►

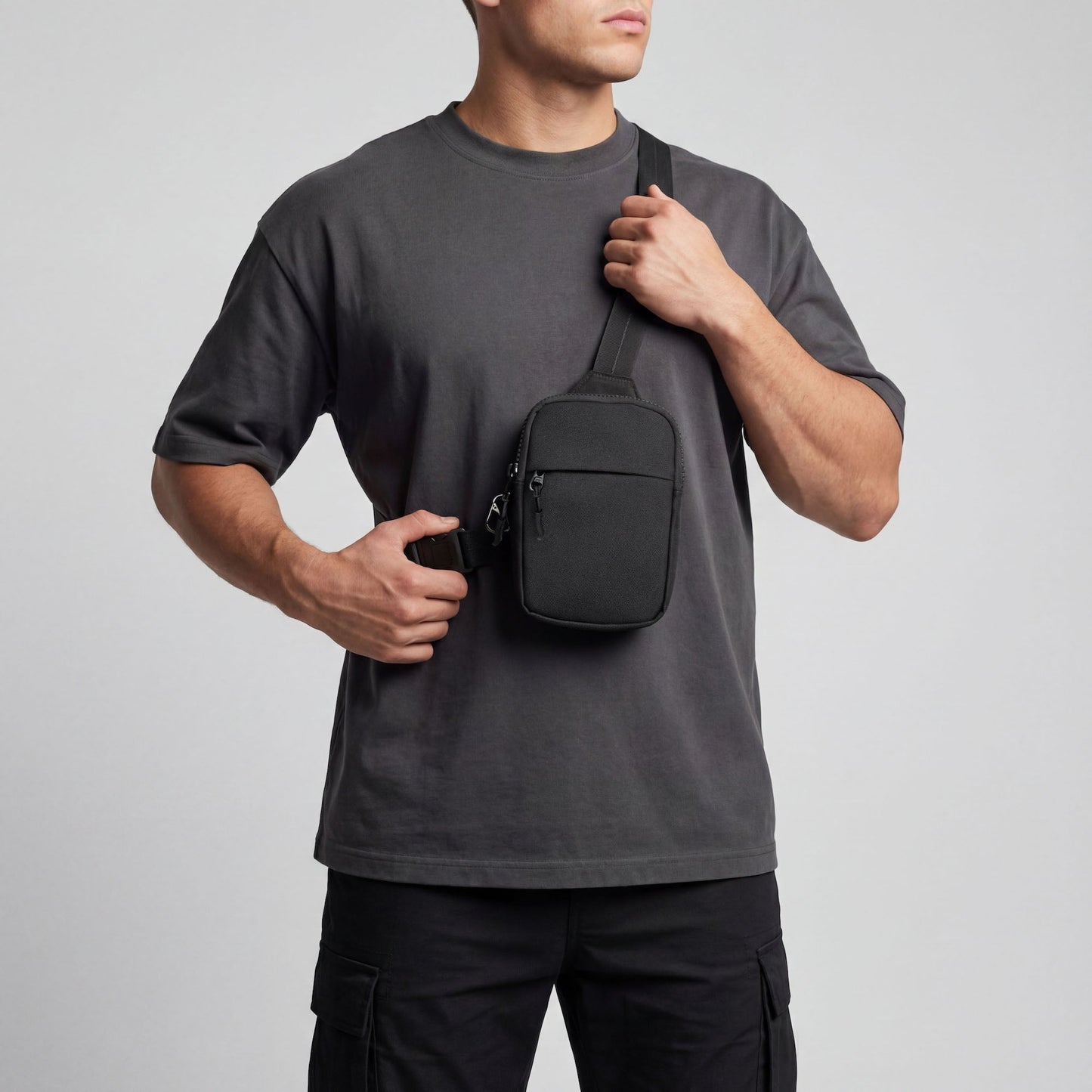 🎒 Sac Sling de Voyage 2.0 — Anti-coupure, anti-RFID & ultra-résistant pour voyager l'esprit tranquille ! ✨🛡️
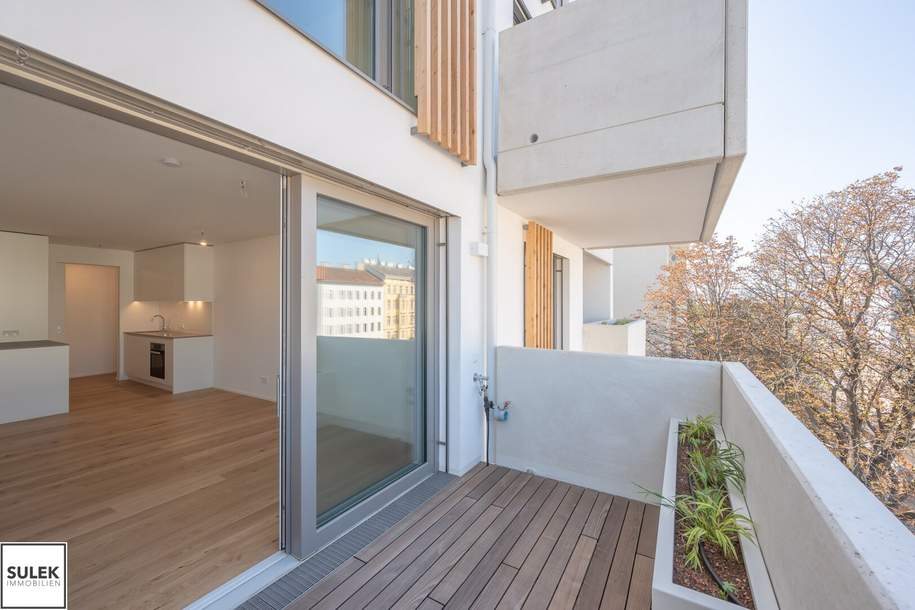 Ab 1.7.25: Perfekte Stadtwohnung mit Balkon inkl. Wienfluss-Blick im Projekt Schön102 (U4 Nähe), Wohnung-miete, 1.295,00,€, 1050 Wien 5., Margareten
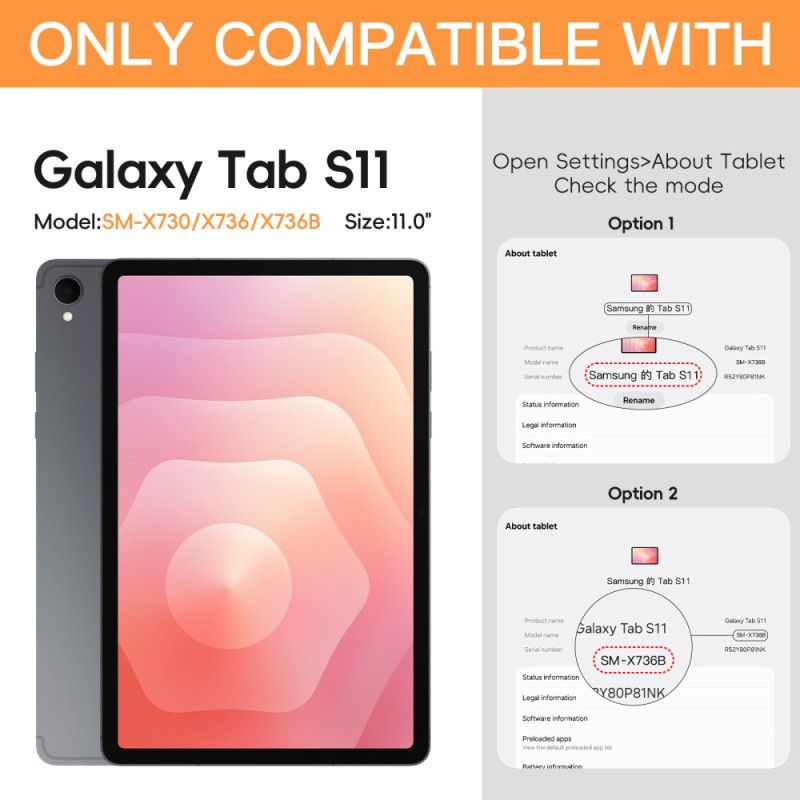 Etui Samsung Galaxy Tab S11 Obrotowa Podstawka Etui Ochronne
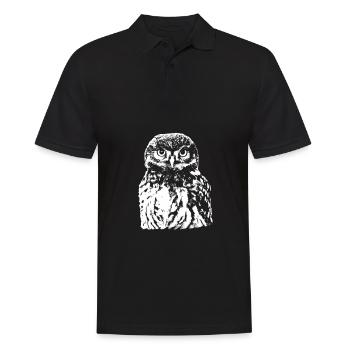 Mignon bébé hibou - Polo Homme - noir - Devant - Kai (181cm)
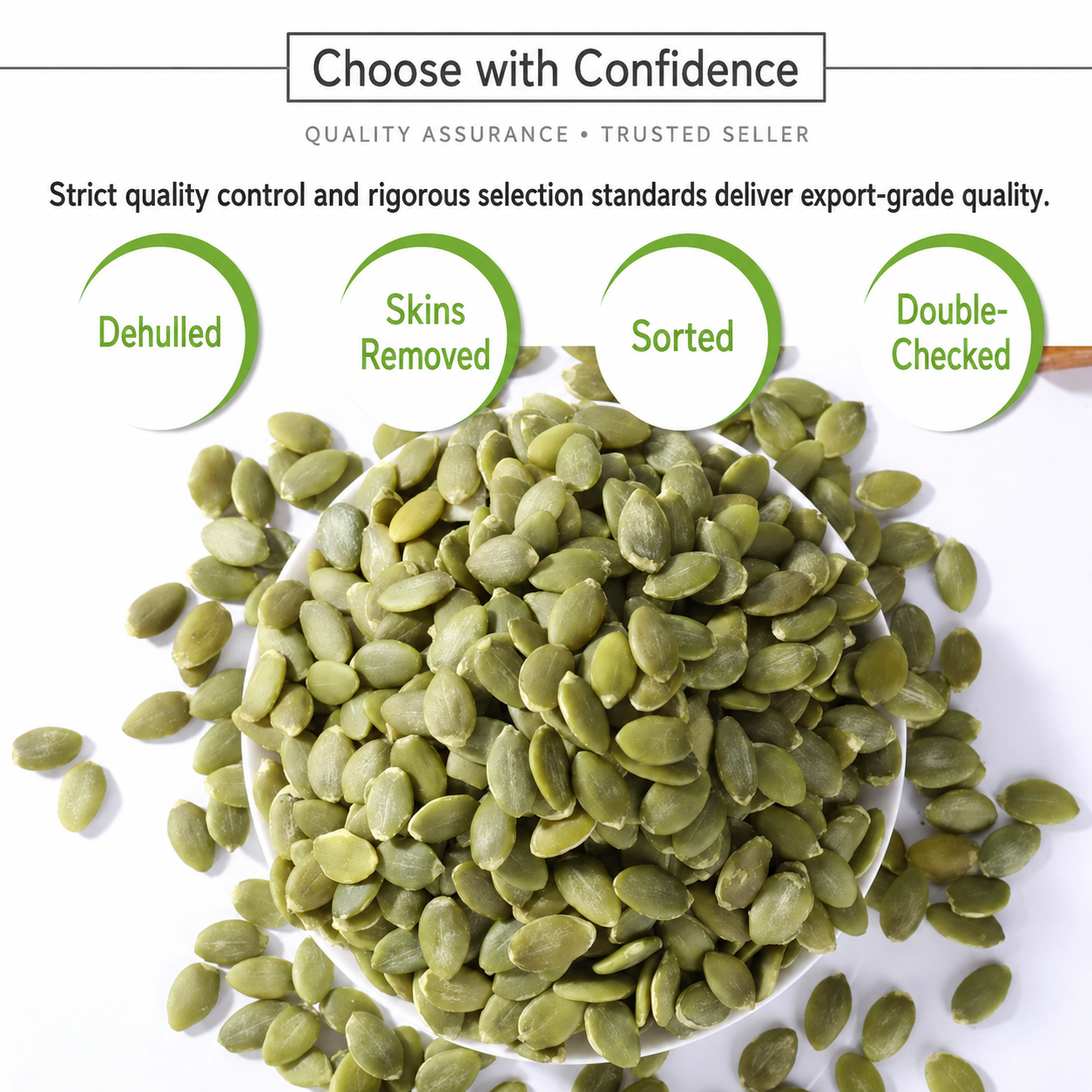💯🥇Crush cravings without the guilt!🦊🌿Enjoy every bite of our all-natural Pumpkin Seed Kernels-ABB8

◄

**TASK**
Could you transcribe all of the data exactly and omit the pictures?

**THE COMPLETED TASK**
 🎒 Sac Sling de Voyage 2.0 — Anti-coupure, anti-RFID & ultra-résistant pour voyager l'esprit tranquille ! ✨🛡️
 Ab 1.7.25: Perfekte Stadtwohnung mit Balkon inkl. Wienfluss-Blick im Projekt Schön102 (U4 Nähe), Wohnung-miete, 1.295,00,€, 1050 Wien 5., Margareten
 Etui Samsung Galaxy Tab S11 Obrotowa Podstawka Etui Ochronne
 Mignon bébé hibou - Polo Homme - noir - Devant - Kai (181cm)
💯🥇Crush cravings without the guilt!🦊🌿Enjoy every bite of our all-natural Pumpkin Seed Kernels-ABB8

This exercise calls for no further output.